Never mind the final sales, discount days, coupon codes and reduced prices, most of us just lost the will to idly shop. And who can blame us? We spent 2020 in tracksuits, putting on a shirt only for video meetings. Formal shoes gathered dust. Perfumes expired. Handbags were stowed away. Swimwear… it only triggered tears.

“Yes it fits, but is it WHO-approved N95”?

Overnight, a new accessory entered our lives. We learnt that a three-ply mask was better than one. We knew what a melt-blown filter was. Soon, we could tell a fake N95 from a real one by trying to blow out a candle flame whilst wearing it. We figured out which mask design wouldn’t fog up our spectacles, hurt our ears, bring on a migraine, or give us acne. We even worked out which ones were reusable, washable and better for the environment. And yet, some of us still wear masks on our chins…

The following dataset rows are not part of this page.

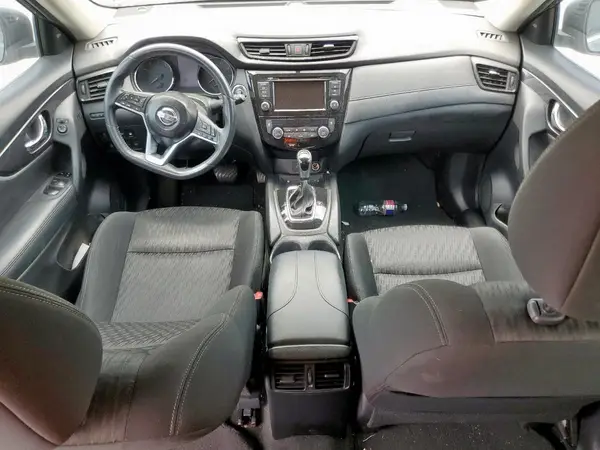 KNMAT2MTXJP527581 2018 NISSAN ROGUE - Image 8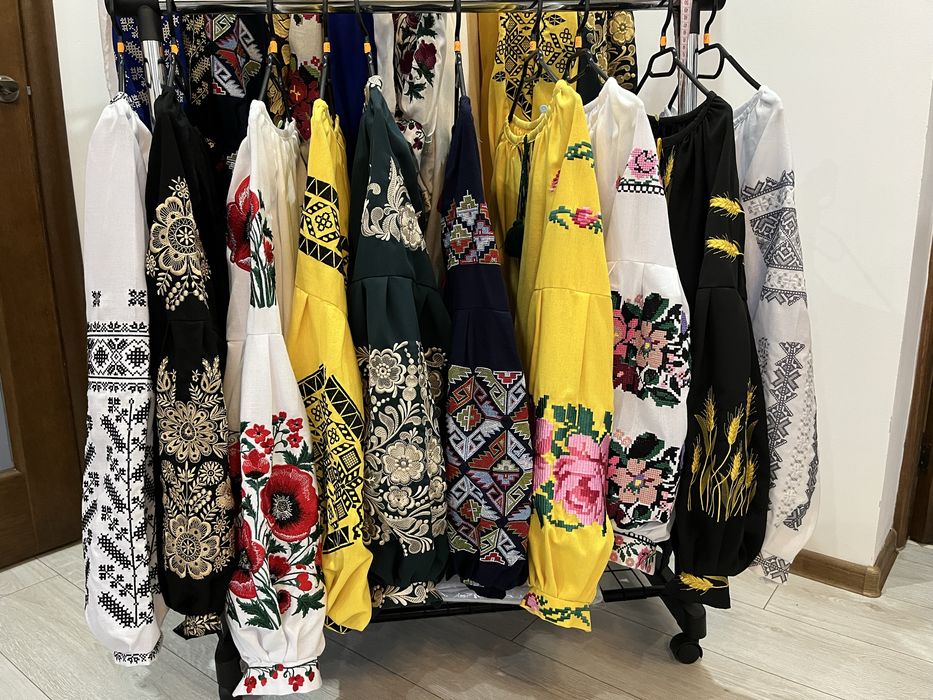 Великий розпродаж платтів і вишиванок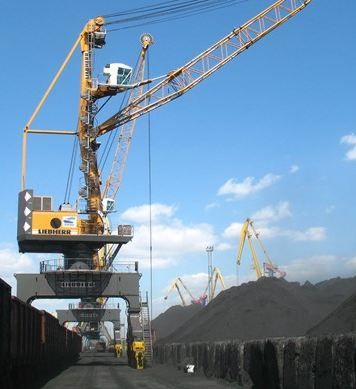 Grue portuaire LPS 280 - Liebherr - capacité de levage max 84t - portée max 40m_1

“In these unprecedented times…”

Our emails hoped you were “safe and well”. We wanted your attention “now more than ever”. We hoped our cities were “flattening the curve” because “herd immunity” proved to be a hoax in the face of “superspreader events”. We created “social bubbles” and maintained “two metre distance” to prevent “community transmission”. So what if “our death rate is relatively low”. We’re living in “the new normal” and we’re “all in this together” hoping for the time “when this is over”.

“What month are we in?”

As the hours blended into each other, every day was Blursday. March went on for 10 months. You began sleeping all the time or not at all. You ordered Vitamin D supplements to make up for time indoors. The window and the screen were the only escapes. Birthdays were low key, moods were typically even lower. But you know what? You feel worse for the kids who’ve lost a whole year of childhood.

“Please register for our exclusive Zoom event”

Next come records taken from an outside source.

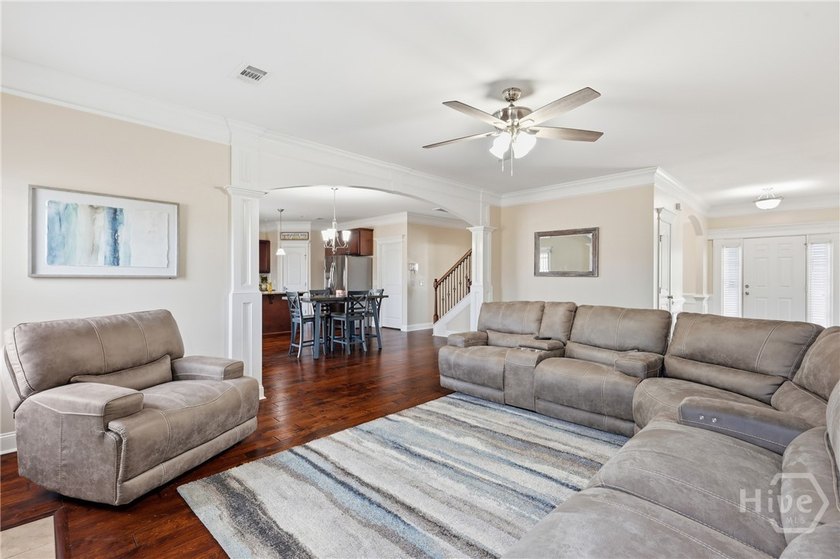 Welcome to this beautifully maintained 5-bedroom, 3-bath - photo 11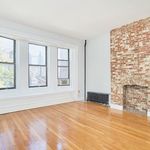 Rent 3 bedroom apartment of 92 m² in New York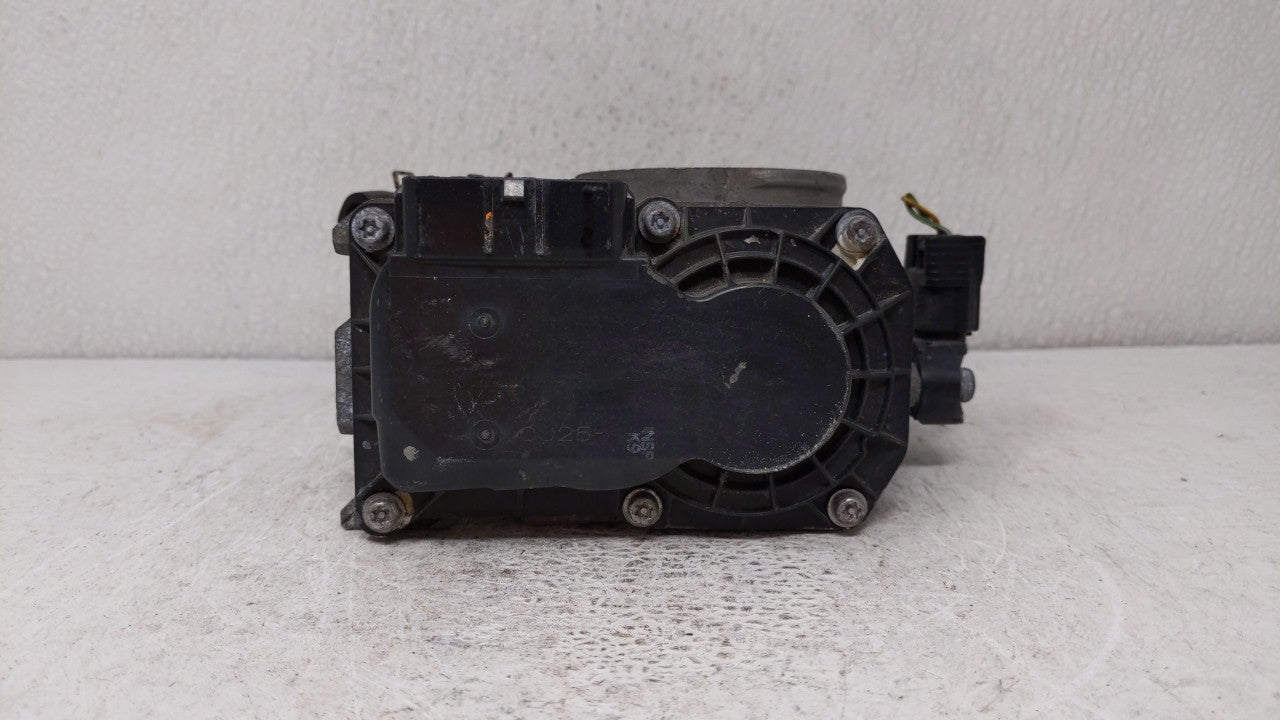 2007-2016 Toyota Sienna Throttle Body P/N:22030-0P050 22030-31030 Fits OEM Used Auto Parts - Oemusedautoparts1.com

Again? Didn’t you just fill in your details to log into GoogleMeet? Or was that Teams? Or that virtual walkthrough that you abandoned halfway. No, wait. That was InstaLive or Reels. Which is the one where you have to raise your hand to talk? And how is a webinar different from those Ted Talks? Oh, you have a podcast too? Send me the link so I can share it and we can all ignore it. Because honestly, we’ve had enough of plugging in.

Don’t I count as essential?

The doctor, the nurse, the ambulance driver, the grocer, the broadband provider, the sweeper, the delivery man, of course. But also the comic, the actor, the news reporter, the veterinarian, the counsellor. And yes, the hotel owner, the makeup artist, the cab driver, the embroiderer, the marketer, the broker, the banker, the clerk, the peon, the spot boy, the farmer, the caterer. The advertiser, the data analyst, the accountant, the wealth manager, the gym instructor, the flight attendant. We realized that everyone is essential to a rich, vibrant, functioning society. Every one of us counts.